L'écart entre l'armée afghane et ceux qui - Français ou Américains, ou autres - la soutiennent est inimaginable. On sait déjà que la solde quotidienne d'un soldat afghan ne lui permet pas d'acheter une bouteille d'eau minérale, mais le colonel présente d'autres références : une mission moyenne, sans tir, d'un chasseur-bombardier équivaut à la solde mensuelle d'un bataillon afghan ! Solution proposée : doubler la solde des soldats de l'ANA, ce qui coûterait de 200 millions à 300 millions de dollars par an, quand la seule présence américaine coûte un milliard de dollars par semaine ! Ce chiffre est à rapporter aux recettes propres (taxes fiscales, etc.) annuelles de l'État afghan : 400 millions de dollars ! Mais il souligne d'autres anomalies, "comme lorsqu'il a été décidé d'échanger les increvables AK-47 dont ils maîtrisent le fonctionnement dès l'enfance, par des M-16 trop encombrants pour eux."

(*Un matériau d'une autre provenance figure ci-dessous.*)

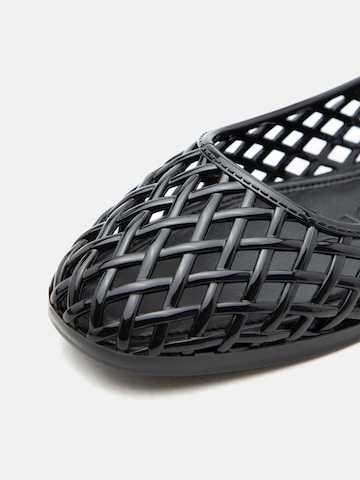 MICHAEL Michael Kors - Sabrina 'PIXIE' em preto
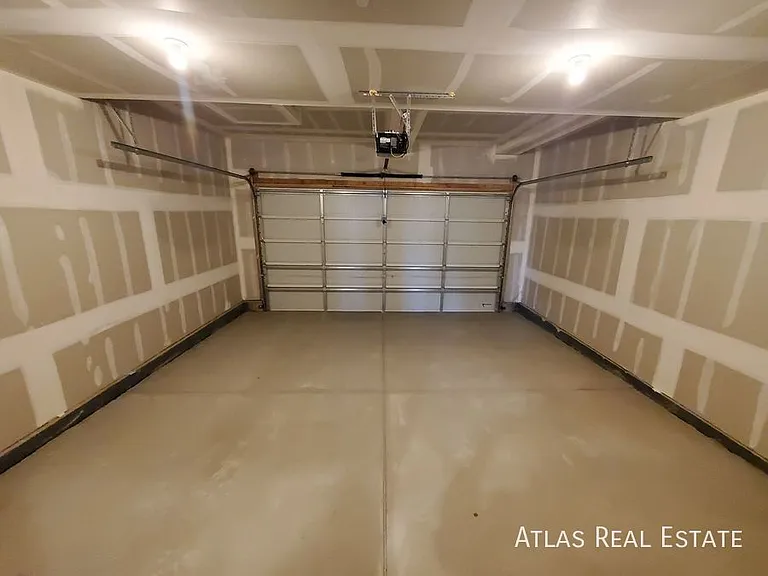 710 Finch Dr — Photo 19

Concernant la tactique de l'armée américaine, elle repose sur la force de frappe de ses armes. Avec des conséquences directes sur les combattants afghans, qu'ils appartiennent à l'ANA ou à l'insurrection : "Cette puissance de feu écrasante est comme un Midas qui transforme en héros ceux qui s'opposent à elle, en martyrs les talibans qui en sont victimes et en vengeurs les proches de ces martyrs. Inversement, ceux qui se protègent derrière elle et refusent le combat rapproché apparaissent comme des lâches."

Cette analyse rejoint celle du colonel Francis Chanson, qui termine son mandat en vallée de Kapisa à la tête de la Task Force Korrigan. Michel Goya écrit que le général Stanley McChrystal, patron de la coalition, est parfaitement conscient de cet état de fait, et que ce qu'il appelle la "spirale vietnamienne" conduit à une issue probable : "Cette manière de faire la guerre à distance est incontestablement perdante à terme". L'auteur tempère néanmoins quelques lignes plus loin, en écrivant que ce conflit "est gagnable, ne serait-ce que parce que les talibans sont largement détestés."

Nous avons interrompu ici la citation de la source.